As someone who has never competed in any of those events I find the assumption disingenuous. No doubt there are the Type-A’s who are clamoring to feel 20 again but in my humble opinion baby boomers are getting joints replaced because of a Perfect Storm of health insurance, technology, and education in the 21st Century. My knee surgery would have never occurred without those three blessed items and I’m certain many baby boomers agree.

My knee two days before surgery

My knees began disintegrating in my late 30s when I noticed a subtle grinding and occasional click. I was an avid golfer at the time and insisted on walking the course when I could. Golf is hardly the high-impact sport implied by the articles I have read. My knees disintegrated more from genetics than high living. My problem is arthritis of the kneecap, a rather specialized version of knee arthritis afflicting 8-10% of those who present with osteoarthritis of the knee. Like the charming Agnes Gooch of the delightful movie Auntie Mame when people ask what I did that caused this problem I can say simply, “I lived.” My fraternal grandmother had the same problem and my 42-year old niece is starting to notice the symptoms. For those of us with this type of knee arthritis problems come primarily when climbing stairs, hills or inclines.  Squatting or getting up from chairs isn’t much fun either. Walking is doable although that was also becoming difficult as the years progressed.

I suffered with pain for many years and used conventional treatment (medication, physical therapy) to good effect but time was not on my side. Eight or nine years ago my doctor proclaimed that knee surgery was in my future. “You’ll know when,” he sagely intoned. That “when” occurred in January 2011 while engaging in the pedestrian activity of making my bed. As I pushed on the mattress with my knee (dumb, dumb, dumb) there was a searing pain that nearly took me to the ground. X-rays showed a gigantic bone spur on the top of my knee cap. The image brought to mind a Viking boat outfitted with a large battering ram because that had been the net effect. The bone spur had rammed into the soft tissue around my knee and was very effective at crippling me for several days.

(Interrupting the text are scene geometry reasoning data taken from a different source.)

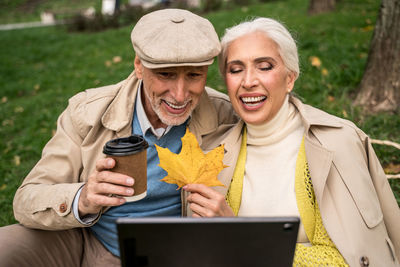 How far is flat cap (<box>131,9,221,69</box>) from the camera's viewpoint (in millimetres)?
2059

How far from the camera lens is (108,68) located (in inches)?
275

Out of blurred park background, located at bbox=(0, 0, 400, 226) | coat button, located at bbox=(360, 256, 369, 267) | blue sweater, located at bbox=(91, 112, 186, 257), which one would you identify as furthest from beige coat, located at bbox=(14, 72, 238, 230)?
coat button, located at bbox=(360, 256, 369, 267)

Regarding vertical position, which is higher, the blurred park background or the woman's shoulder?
the woman's shoulder

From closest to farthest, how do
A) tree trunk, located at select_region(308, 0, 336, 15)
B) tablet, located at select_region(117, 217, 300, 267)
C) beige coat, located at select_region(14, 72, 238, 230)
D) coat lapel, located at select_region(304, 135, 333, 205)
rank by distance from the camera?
tablet, located at select_region(117, 217, 300, 267) < coat lapel, located at select_region(304, 135, 333, 205) < beige coat, located at select_region(14, 72, 238, 230) < tree trunk, located at select_region(308, 0, 336, 15)

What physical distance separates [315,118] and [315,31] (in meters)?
4.84

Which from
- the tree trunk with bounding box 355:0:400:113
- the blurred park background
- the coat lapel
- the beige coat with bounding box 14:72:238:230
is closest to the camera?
the coat lapel

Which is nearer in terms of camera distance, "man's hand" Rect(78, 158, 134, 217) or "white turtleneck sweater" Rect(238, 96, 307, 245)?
"man's hand" Rect(78, 158, 134, 217)

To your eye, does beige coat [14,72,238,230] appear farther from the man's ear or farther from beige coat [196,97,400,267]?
beige coat [196,97,400,267]

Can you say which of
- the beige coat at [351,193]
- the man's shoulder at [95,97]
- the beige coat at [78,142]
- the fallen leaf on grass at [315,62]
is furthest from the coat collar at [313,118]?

This was two weeks before a scheduled medical mission to Haiti. A shot of cortisone and RICE therapy (rest, ice, compression, elevation) helped me decide that I could do the mission and I did, but not without great discomfort. There were stairs everywhere in Haiti and more than once I had to stop mid-flight because the pain was so severe. I flashed on the story that my mother would tell about Grandmother Annie hoisting herself up the stairs at night “on her bum.” My mother’s assumption was that Annie was worn out from raising ten kids and was too tired to climb the stairs but I painfully realized the truth — she couldn’t climb the stairs because it was simply to painful to do so. In Haiti I realized that Annie’s knees were now in my body.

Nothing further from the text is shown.